In the new study of desire regulation, 205 adults wore devices that recorded a total of 7,827 reports about their daily desires. Desires for sleep and sex were the strongest, while desires for media and work proved the hardest to resist. Even though tobacco and alcohol are thought of as addictive, desires associated with them were the weakest, according to the study. Surprisingly to the researchers, sleep and leisure were the most problematic desires, suggesting “pervasive tension between natural inclinations to rest and relax and the multitude of work and other obligations,” says Hofmann, the lead author of the study forthcoming in Psychological Science.

Moreover, the study supported past research that the more frequently and recently people have resisted a desire, the less successful they will be at resisting any subsequent desire.
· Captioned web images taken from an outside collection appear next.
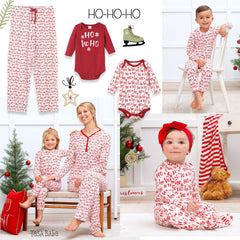 70 Christmas Bamboo Kids' Pajama Set Ho-Ho-Ho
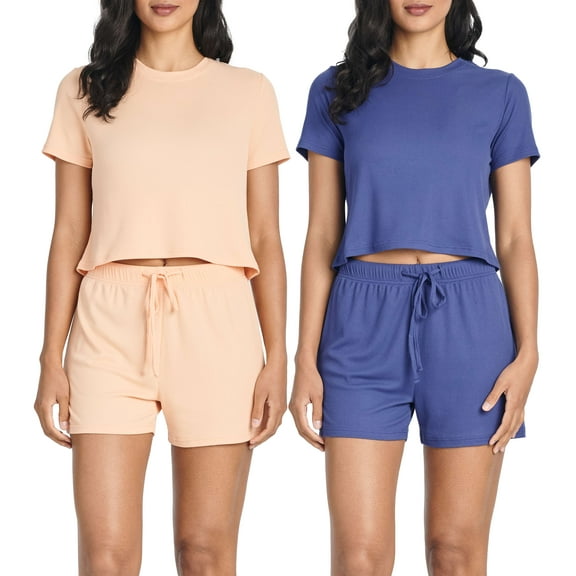 Real Essentials 2 Pack:Women's Soft Ribbed Knit Crop Top & Short Matching Lounge Set - 4 Piece Summer Sweatsuit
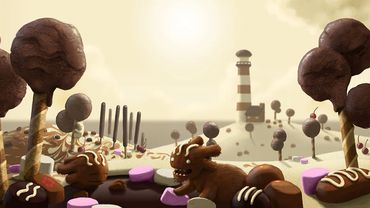 Bathing creatures in a fantasy land where everything is made of chocolate and candy.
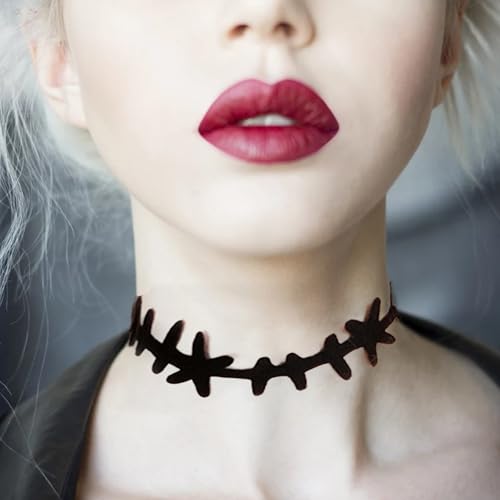 30 Sheets Halloween Stitches Tattoo Stickers Stitches Choker Necklace Fake Scar Temporary Tattoos Sticker for Halloween Cosplay Costume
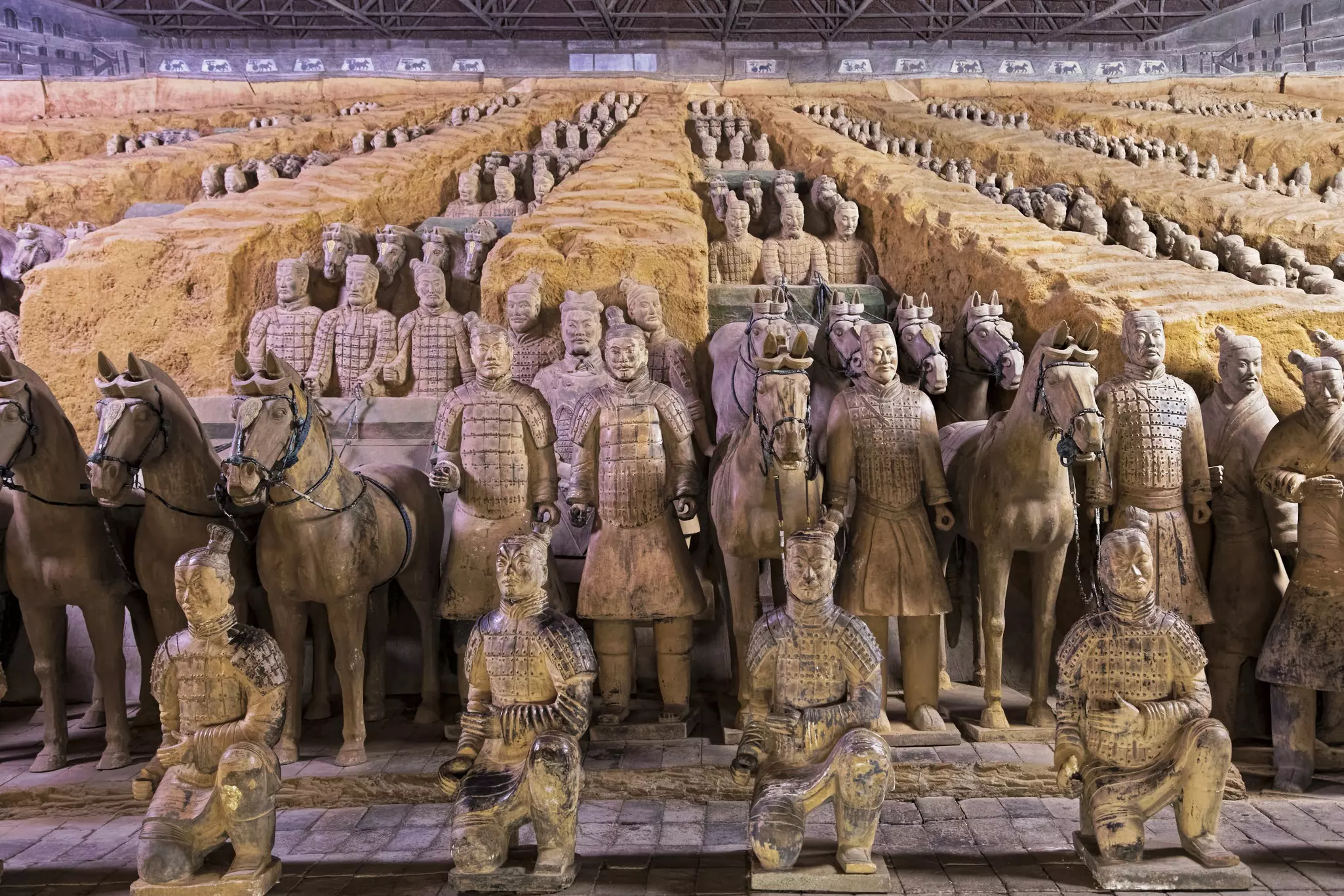 Rows of life-size terracotta sculptures of soldiers and horses are lined up in giant pavillion.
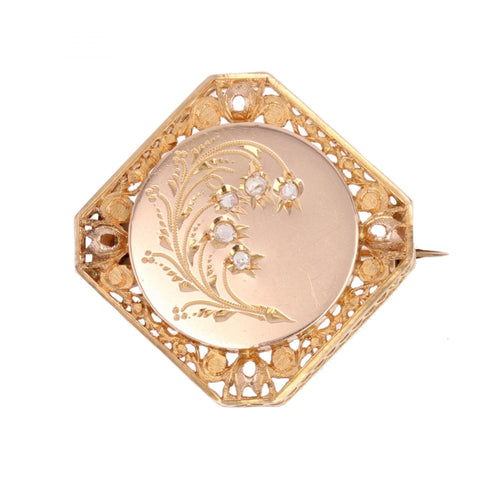 Broche Broche ancienne or rose diamants au muguet 58 Facettes 22-582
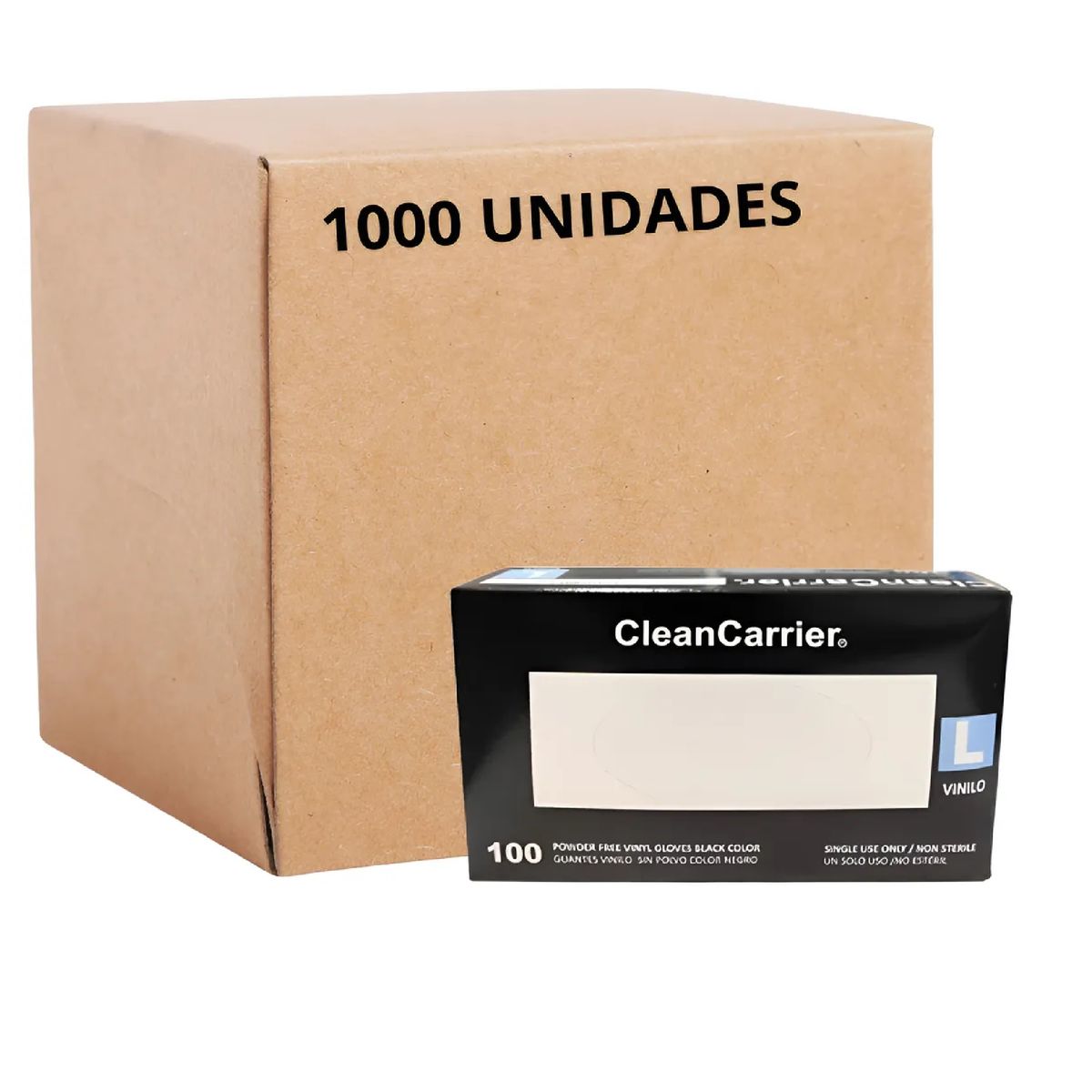 CLEANCARRIER - Pack 1000 Guantes De Vinilo Negro Cleancarrier Bioseguridad Talla L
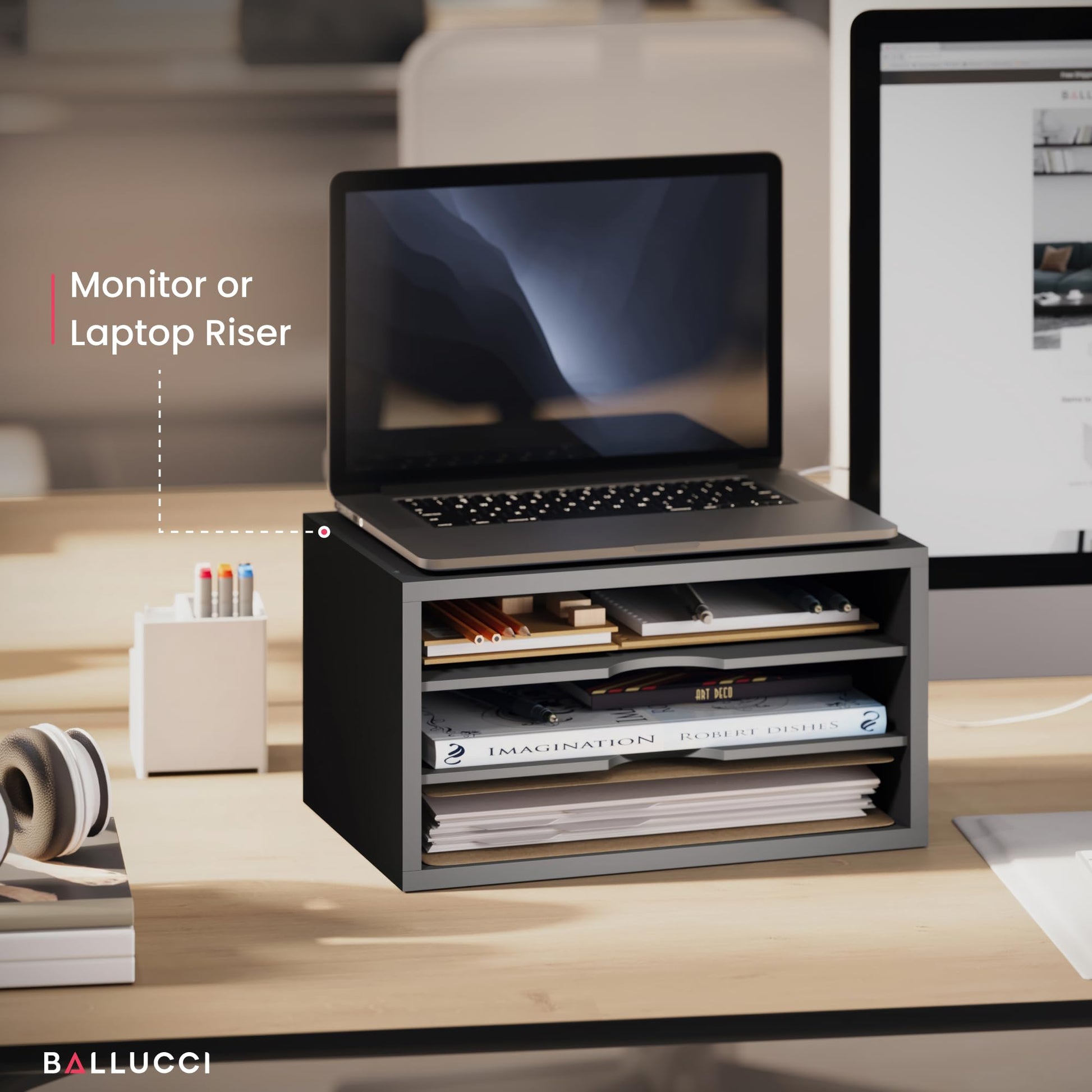 Ballucci File Organizer, 3-Tier Document Paper Sorter, Stackable Wood Desk Organizer, Mail Sorter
Therefore as a day wears on, willpower becomes lower and self-control efforts are more likely to fail, says Hofmann, who co-authored the paper with Roy Baumeister of Florida State University and Kathleen Vohs of the University of Minnesota.

Scientists who study the complex interplay between desires and self control say that passing up on temptation is made ever more difficult by the idea that there is no single or clear feeling that alerts us to when our willpower is low. “But we find that when willpower is low, everything is felt more intensely,” says Baumeister, author of Willpower: Rediscovering the Greatest Human Strength. “Low willpower seems to turn up the volume on life.” -Science Daily

Writing Prompt: Write your character’s internal monologue about resisting temptation.

Journaling Prompt: What strategies work for you in resisting temptation?